Each summer since the mid 1980s huge swarms of the Erythrean jellyfish Rhopilema nomadica have appeared along the Levantine coast in the last week of June or in early July. This year saw the arrival of the swarm quite earlier, in the first week on June.
Rhopilema swarms clog fishing nets and contaminate catch and possibly cause reduction of commercial fish abundance through competition and predation. When swept near bathing beaches, they inflict painful injuries on unwary bathers. The annual swarming brings each year reports of envenomation victims suffering burning sensation, eurythema, papulovesicular and urticaria-like eruptions that may last weeks and even months after the event. Coastal municipalities report a decrease in holiday makers frequenting the beaches because of the public’s concern over the jellyfish. The local newspapers and TV news regularly report during the summer months the presence of jellyfish along the beaches of Israel.

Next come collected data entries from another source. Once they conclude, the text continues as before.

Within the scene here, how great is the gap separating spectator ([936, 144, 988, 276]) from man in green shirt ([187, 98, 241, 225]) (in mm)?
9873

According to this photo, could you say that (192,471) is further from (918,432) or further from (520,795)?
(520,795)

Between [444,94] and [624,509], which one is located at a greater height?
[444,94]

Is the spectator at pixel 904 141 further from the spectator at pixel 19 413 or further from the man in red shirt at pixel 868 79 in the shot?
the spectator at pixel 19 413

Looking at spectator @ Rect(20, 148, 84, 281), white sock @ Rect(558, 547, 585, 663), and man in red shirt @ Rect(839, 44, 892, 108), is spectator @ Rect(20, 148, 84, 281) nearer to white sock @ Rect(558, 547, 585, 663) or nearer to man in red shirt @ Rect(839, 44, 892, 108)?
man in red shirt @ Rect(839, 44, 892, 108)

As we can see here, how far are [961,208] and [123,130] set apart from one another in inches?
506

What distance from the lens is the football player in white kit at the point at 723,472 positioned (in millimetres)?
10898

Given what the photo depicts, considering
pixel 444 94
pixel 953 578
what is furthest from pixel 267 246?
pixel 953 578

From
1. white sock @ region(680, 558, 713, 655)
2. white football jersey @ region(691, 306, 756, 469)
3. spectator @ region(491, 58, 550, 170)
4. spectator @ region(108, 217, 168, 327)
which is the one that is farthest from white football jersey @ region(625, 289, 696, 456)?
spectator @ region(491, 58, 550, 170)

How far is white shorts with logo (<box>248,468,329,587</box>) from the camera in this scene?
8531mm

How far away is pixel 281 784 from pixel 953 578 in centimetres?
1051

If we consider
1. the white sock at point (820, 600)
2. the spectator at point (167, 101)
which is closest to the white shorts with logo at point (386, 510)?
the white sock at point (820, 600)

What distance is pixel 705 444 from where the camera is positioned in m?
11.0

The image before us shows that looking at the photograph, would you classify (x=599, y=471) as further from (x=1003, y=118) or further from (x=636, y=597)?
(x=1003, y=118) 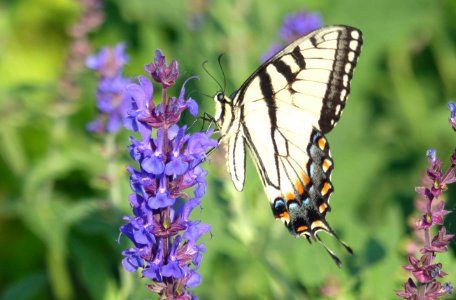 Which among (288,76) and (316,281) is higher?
(288,76)

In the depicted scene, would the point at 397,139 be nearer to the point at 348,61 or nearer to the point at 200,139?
the point at 348,61

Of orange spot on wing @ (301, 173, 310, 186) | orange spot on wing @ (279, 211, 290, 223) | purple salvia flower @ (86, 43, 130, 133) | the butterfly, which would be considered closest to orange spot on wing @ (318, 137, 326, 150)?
the butterfly

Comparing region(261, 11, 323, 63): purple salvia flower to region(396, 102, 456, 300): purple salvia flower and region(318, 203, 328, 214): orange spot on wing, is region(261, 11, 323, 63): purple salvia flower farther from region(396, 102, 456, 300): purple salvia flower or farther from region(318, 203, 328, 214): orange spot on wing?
region(396, 102, 456, 300): purple salvia flower

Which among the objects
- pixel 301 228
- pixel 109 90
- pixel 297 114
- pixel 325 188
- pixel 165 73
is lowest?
pixel 301 228

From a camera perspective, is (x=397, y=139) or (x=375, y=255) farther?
(x=397, y=139)

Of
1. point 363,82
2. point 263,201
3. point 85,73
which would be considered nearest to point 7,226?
point 85,73

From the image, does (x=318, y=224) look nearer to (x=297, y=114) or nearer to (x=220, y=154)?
(x=297, y=114)

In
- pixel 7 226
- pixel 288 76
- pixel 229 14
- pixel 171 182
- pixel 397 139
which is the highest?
pixel 229 14

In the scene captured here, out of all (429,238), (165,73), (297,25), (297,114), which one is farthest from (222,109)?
(297,25) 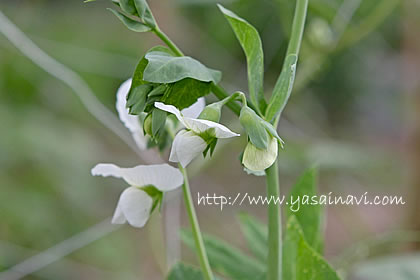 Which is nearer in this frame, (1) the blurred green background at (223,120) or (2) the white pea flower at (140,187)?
(2) the white pea flower at (140,187)

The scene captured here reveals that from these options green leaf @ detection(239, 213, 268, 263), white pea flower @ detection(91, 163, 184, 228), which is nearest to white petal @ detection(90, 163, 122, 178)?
white pea flower @ detection(91, 163, 184, 228)

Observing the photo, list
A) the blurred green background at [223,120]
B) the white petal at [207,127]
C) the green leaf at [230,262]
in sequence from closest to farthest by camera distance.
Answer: the white petal at [207,127] → the green leaf at [230,262] → the blurred green background at [223,120]

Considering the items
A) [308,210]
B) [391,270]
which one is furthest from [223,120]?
[308,210]

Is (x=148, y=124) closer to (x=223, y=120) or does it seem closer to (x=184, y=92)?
(x=184, y=92)

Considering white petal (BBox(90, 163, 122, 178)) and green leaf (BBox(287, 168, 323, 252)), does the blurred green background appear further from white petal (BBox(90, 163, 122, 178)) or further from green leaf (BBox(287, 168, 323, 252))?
white petal (BBox(90, 163, 122, 178))

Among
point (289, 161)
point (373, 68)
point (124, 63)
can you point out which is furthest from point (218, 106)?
point (373, 68)

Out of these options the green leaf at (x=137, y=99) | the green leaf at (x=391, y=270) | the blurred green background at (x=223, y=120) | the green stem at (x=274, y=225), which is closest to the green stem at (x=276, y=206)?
the green stem at (x=274, y=225)

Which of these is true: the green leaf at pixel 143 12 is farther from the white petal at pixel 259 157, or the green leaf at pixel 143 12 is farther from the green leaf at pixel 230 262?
the green leaf at pixel 230 262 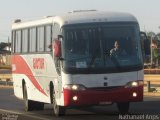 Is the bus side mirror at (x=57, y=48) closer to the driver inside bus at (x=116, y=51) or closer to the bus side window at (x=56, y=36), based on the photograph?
the bus side window at (x=56, y=36)

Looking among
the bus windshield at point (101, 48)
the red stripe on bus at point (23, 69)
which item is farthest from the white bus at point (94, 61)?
the red stripe on bus at point (23, 69)

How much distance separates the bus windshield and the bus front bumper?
0.54 metres

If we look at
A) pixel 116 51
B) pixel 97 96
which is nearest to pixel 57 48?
pixel 116 51

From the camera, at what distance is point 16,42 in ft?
81.0

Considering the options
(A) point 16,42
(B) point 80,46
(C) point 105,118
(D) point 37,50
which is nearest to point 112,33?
(B) point 80,46

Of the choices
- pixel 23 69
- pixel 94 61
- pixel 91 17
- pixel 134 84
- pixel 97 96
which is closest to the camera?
pixel 97 96

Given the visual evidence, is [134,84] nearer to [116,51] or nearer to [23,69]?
[116,51]

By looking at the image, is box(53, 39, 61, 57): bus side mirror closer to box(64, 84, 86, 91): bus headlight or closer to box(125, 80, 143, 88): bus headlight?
box(64, 84, 86, 91): bus headlight

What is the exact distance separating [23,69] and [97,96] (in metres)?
6.13

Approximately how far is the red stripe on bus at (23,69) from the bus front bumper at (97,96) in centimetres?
296

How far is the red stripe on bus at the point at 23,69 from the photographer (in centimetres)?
2188

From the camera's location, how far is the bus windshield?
714 inches

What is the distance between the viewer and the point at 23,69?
2356 centimetres

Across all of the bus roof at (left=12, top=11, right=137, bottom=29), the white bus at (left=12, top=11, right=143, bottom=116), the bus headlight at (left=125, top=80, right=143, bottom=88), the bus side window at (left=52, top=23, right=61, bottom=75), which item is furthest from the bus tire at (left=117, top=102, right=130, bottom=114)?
the bus roof at (left=12, top=11, right=137, bottom=29) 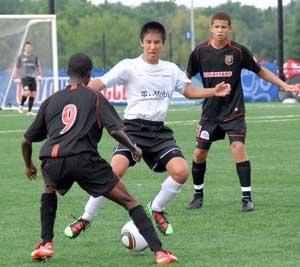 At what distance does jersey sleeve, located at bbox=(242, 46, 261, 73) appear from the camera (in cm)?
1181

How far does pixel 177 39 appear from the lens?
93.6 meters

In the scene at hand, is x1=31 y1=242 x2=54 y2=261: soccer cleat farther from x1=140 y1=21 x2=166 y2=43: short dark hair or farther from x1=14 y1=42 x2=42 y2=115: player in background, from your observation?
x1=14 y1=42 x2=42 y2=115: player in background

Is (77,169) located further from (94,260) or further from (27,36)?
(27,36)

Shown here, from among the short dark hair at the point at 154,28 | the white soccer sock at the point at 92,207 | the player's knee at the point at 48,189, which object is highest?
the short dark hair at the point at 154,28

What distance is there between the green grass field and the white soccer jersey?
1.09 meters

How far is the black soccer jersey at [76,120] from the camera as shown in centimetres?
839

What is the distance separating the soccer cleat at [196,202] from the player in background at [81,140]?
3176mm

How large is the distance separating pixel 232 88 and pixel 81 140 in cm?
368

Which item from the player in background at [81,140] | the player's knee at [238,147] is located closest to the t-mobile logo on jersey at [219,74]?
the player's knee at [238,147]

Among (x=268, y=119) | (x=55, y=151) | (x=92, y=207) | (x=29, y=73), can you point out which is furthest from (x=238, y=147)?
(x=29, y=73)

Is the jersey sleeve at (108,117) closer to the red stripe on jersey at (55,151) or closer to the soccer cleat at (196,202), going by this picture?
the red stripe on jersey at (55,151)

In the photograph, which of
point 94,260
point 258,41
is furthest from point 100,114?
point 258,41

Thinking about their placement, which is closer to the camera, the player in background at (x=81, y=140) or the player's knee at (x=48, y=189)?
the player in background at (x=81, y=140)

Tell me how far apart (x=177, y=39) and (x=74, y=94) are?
8552 centimetres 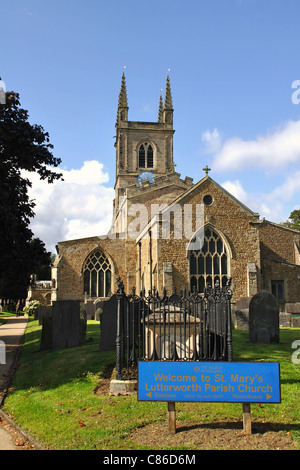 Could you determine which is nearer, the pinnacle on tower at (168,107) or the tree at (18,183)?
the tree at (18,183)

Severe and frequent jellyfish outbreaks, mostly blooms of Pelagia noctiluca, have been reported in the Mediterranean in the past decade, causing health hazards and costly damages to tourism and fisheries. Increasing numbers of scientists (e.g., Boero et al. 2008) are drawing attention to the possibility that multiple stressors (overfishing, global warming, habitat modification, etc) may lead to an ecosystem shift from fish/ sea mammals-dominated food webs to gelatinous seas dominated by medusozoans. So what caused the arrival of Rhopilema so early this year ?
Boero F, Bouillon J, Gravili C, Miglietta MP, Parsons T and Piraino S (2008) Gelatinous plankton: irregularities rule the world (sometimes). Marine Ecology Progress Series, 356: 299-310.